Retype the whole listing exactly. Leave out pictures.

Content starts

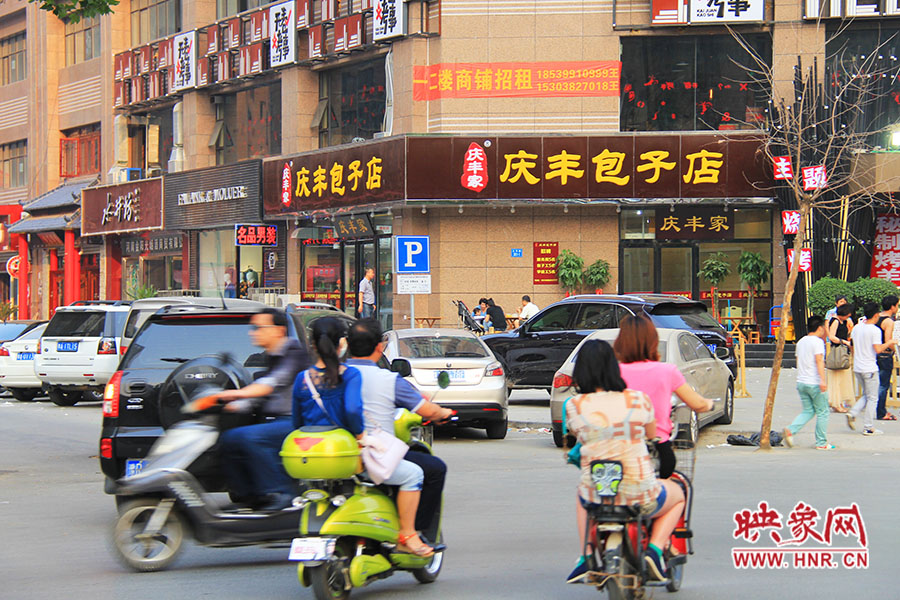 “慶豐包子店”位于路口拐角處,人流量車流量很大,堪稱黃金位置。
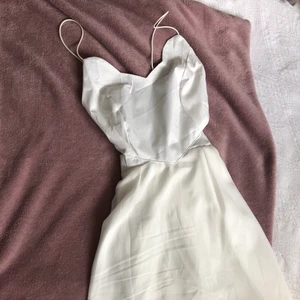 Studentklänning - HELT NY supersöt klänning, storlek M (ganska kort kjol)💘 Aldrig använd, säljer endast pga en aaaningen för kort för mig (är ca 168 cm) Kan mötas upp i Örebro, annars frakt på 44kr!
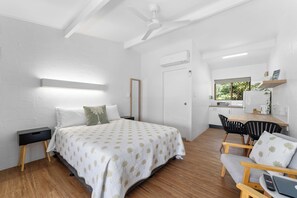 Studio, 1 queensize-seng, delvis havutsikt | Oppholdsområde | Smart-TV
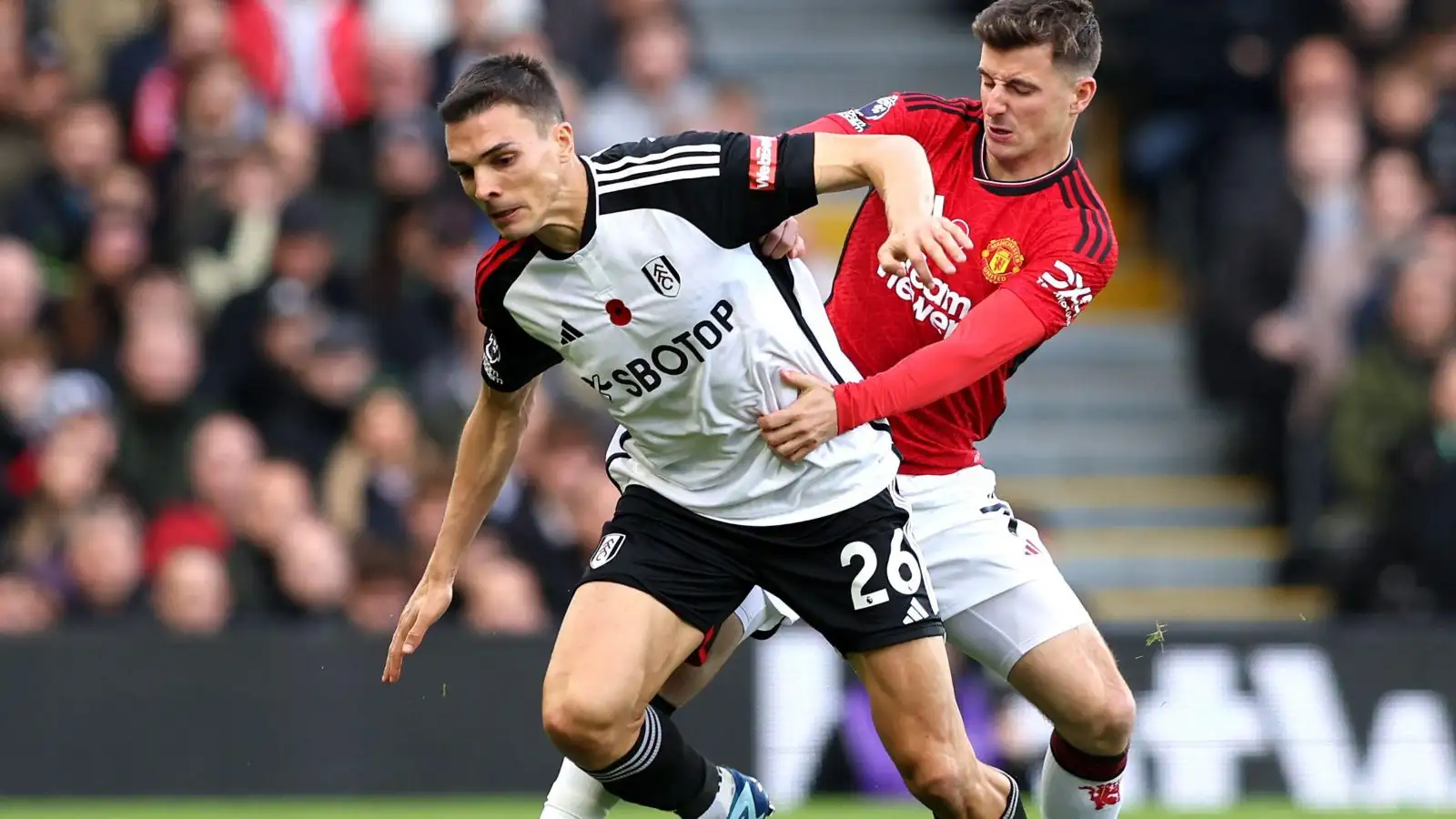 Fulham midfielder Joao Palhinha and also Mason Install battle for the bulbous.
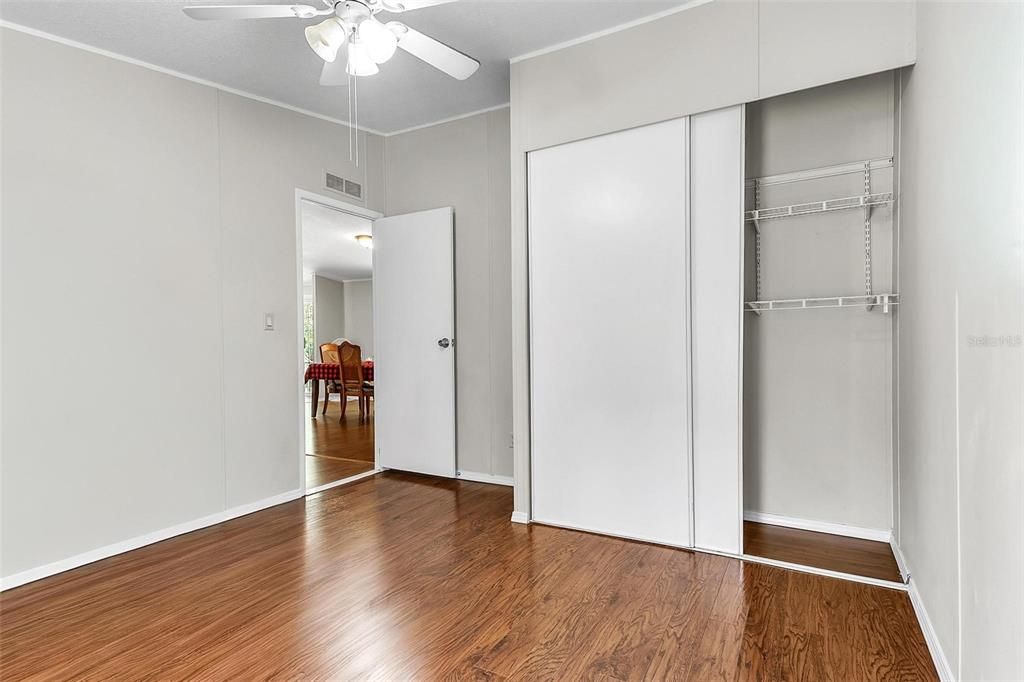 На продажу: $230,000 (4 спален, 2 ванн, 1782 Квадратных фут)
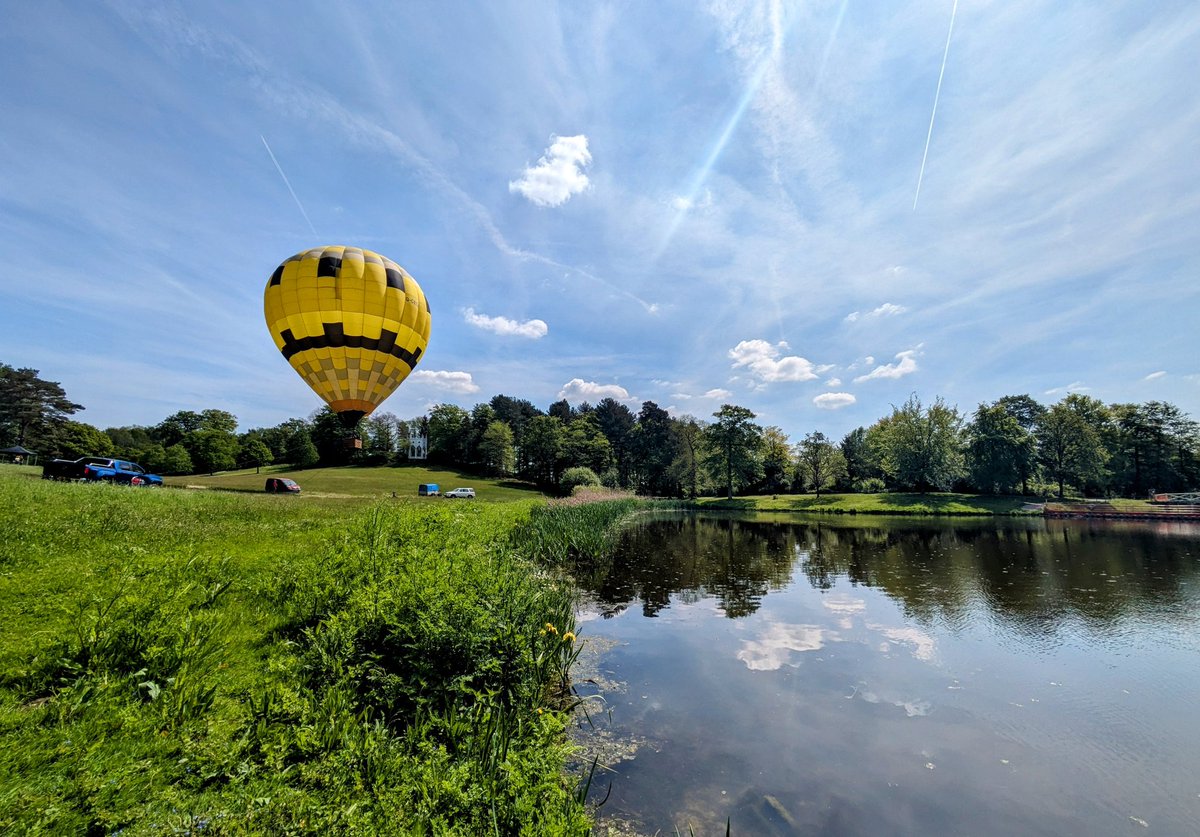 It's Surrey Day 2024!✨ We are looking forward to welcoming @literadio, @SLieutenancy and special guests to celebrate the day with us at Painshill🌳 We hope that everyone has a great day enjoying our beautiful county🌳 @SurreyDayUK #SurreyDay #Surrey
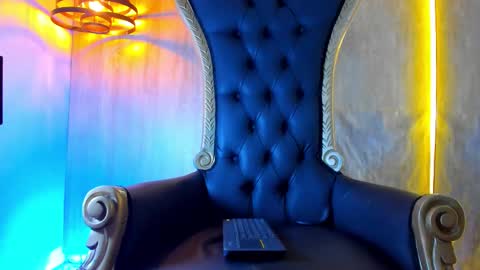 thaddeus king online show from November 28, 2:37 am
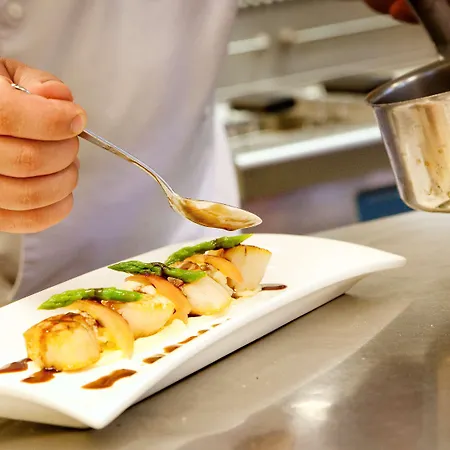 Hotel Golden Tulip Centre 4*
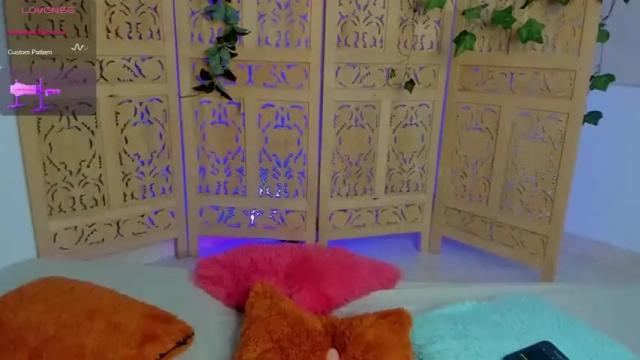 Image 12 of nataliaaristisabal Stream on Chaturbate on 19 months ago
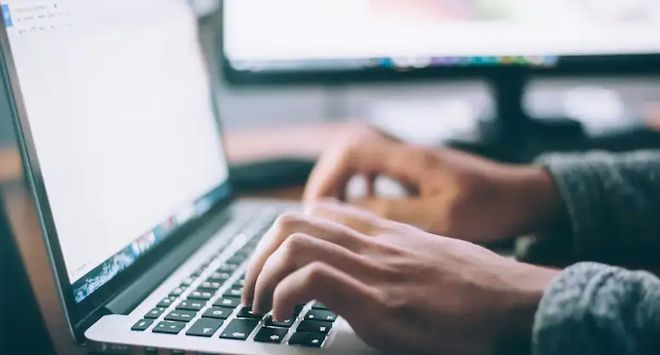 拼盘∕求职者面试提早25分钟到竟秒被刷掉 老板：看出2特质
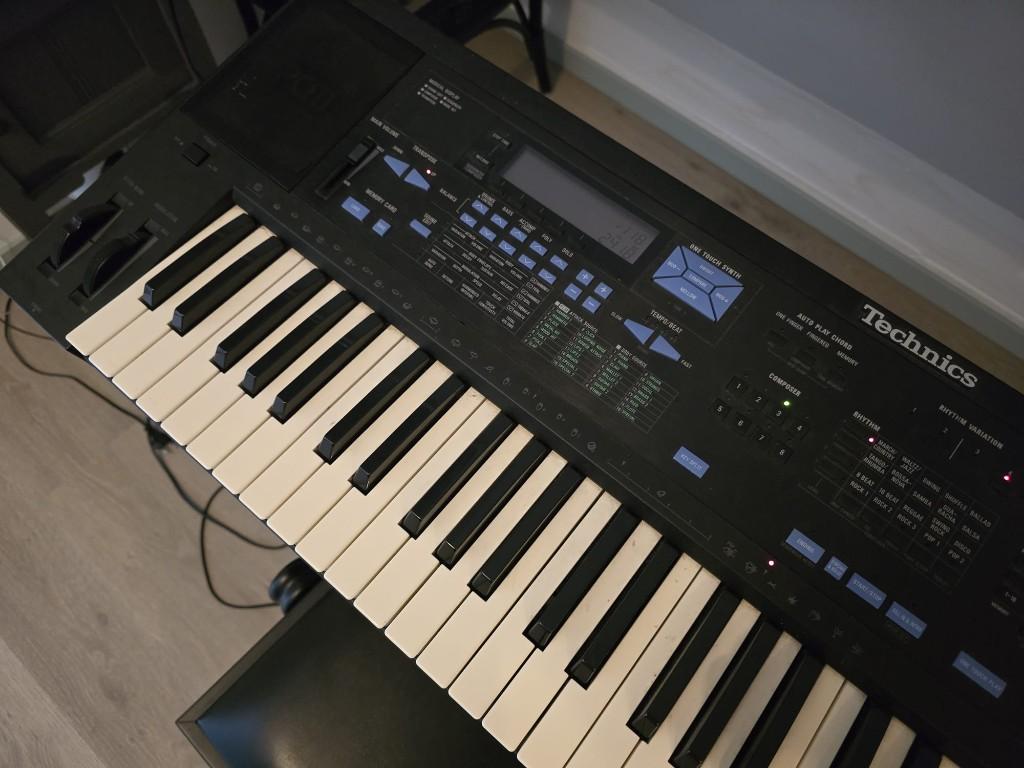 keyboard piano - Technics AX5 -  vintage - 80 EUR, Ophalen, Midi-aansluiting, Technics, 61 toetsen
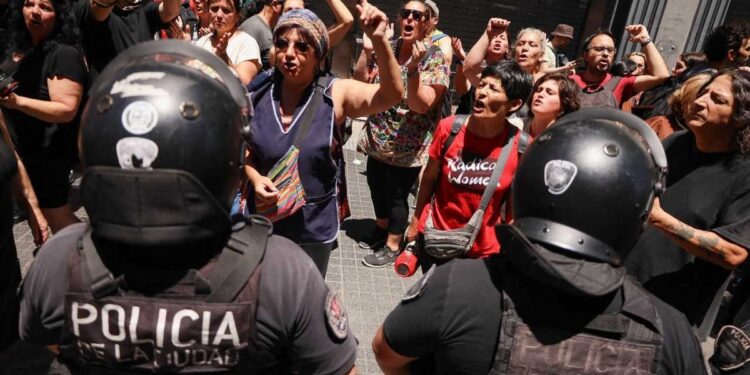 Arjantin'de protestolar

Content ends

» SOLUTION TO THIS EXERCISE
 “慶豐包子店”位于路口拐角處,人流量車流量很大,堪稱黃金位置。
 Studentklänning - HELT NY supersöt klänning, storlek M (ganska kort kjol)💘 Aldrig använd, säljer endast pga en aaaningen för kort för mig (är ca 168 cm) Kan mötas upp i Örebro, annars frakt på 44kr!
 Studio, 1 queensize-seng, delvis havutsikt | Oppholdsområde | Smart-TV
 Fulham midfielder Joao Palhinha and also Mason Install battle for the bulbous.
 На продажу: $230,000 (4 спален, 2 ванн, 1782 Квадратных фут)
 It's Surrey Day 2024!✨ We are looking forward to welcoming @literadio, @SLieutenancy and special guests to celebrate the day with us at Painshill🌳 We hope that everyone has a great day enjoying our beautiful county🌳 @SurreyDayUK #SurreyDay #Surrey
 thaddeus king online show from November 28, 2:37 am
 Hotel Golden Tulip Centre 4*
 Image 12 of nataliaaristisabal Stream on Chaturbate on 19 months ago
 拼盘∕求职者面试提早25分钟到竟秒被刷掉 老板：看出2特质
 keyboard piano - Technics AX5 -  vintage - 80 EUR, Ophalen, Midi-aansluiting, Technics, 61 toetsen
 Arjantin'de protestolar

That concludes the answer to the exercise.